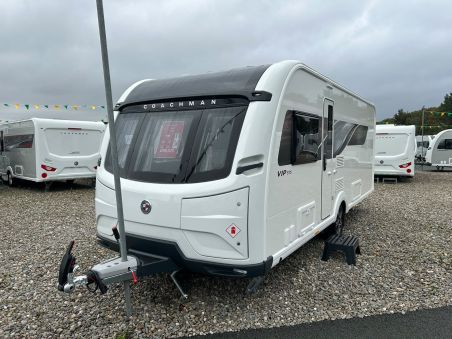 Coachman VIP 575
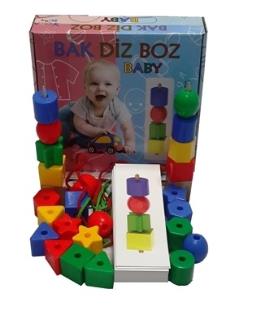 Bak Diz Boz - Baby Kolektif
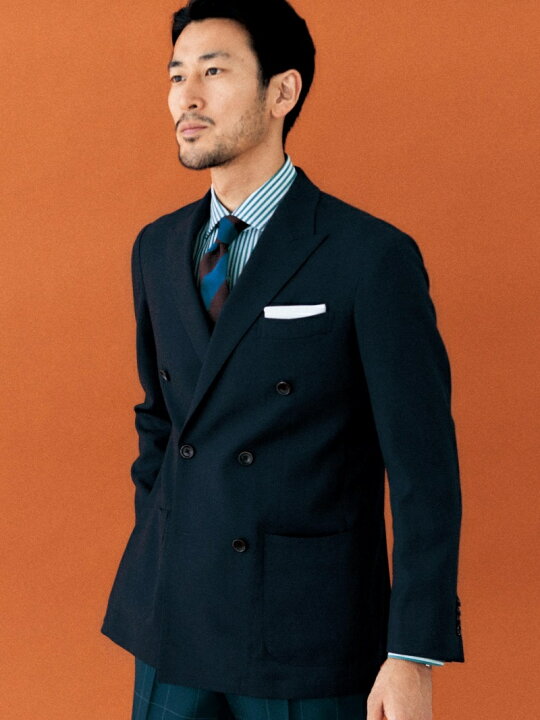 楽天市場】UNITED ARROWS green label relaxing SRG 6ボタン ダブル 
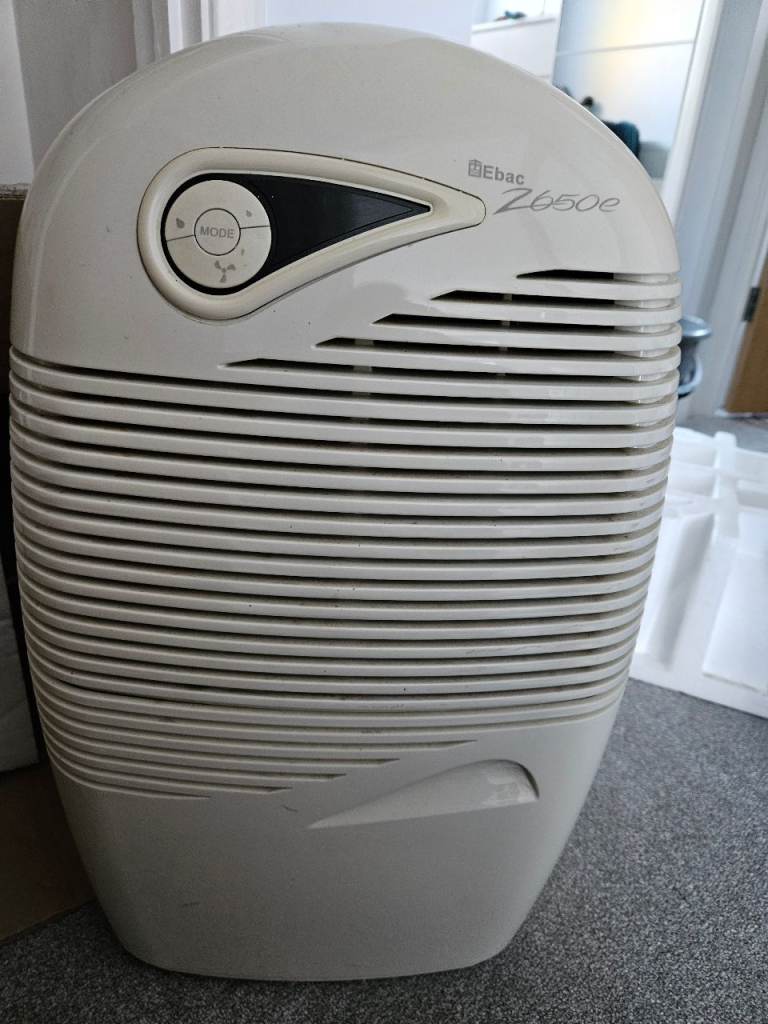 Ebac 2650e Dehumidifier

Work request:
In your answer, copy exactly the lines running from the line with "楽天市場】UNITED ARROWS green" to the end of the material above, both included, and omit all pictures.

Written response:
 楽天市場】UNITED ARROWS green label relaxing SRG 6ボタン ダブル 
 Ebac 2650e Dehumidifier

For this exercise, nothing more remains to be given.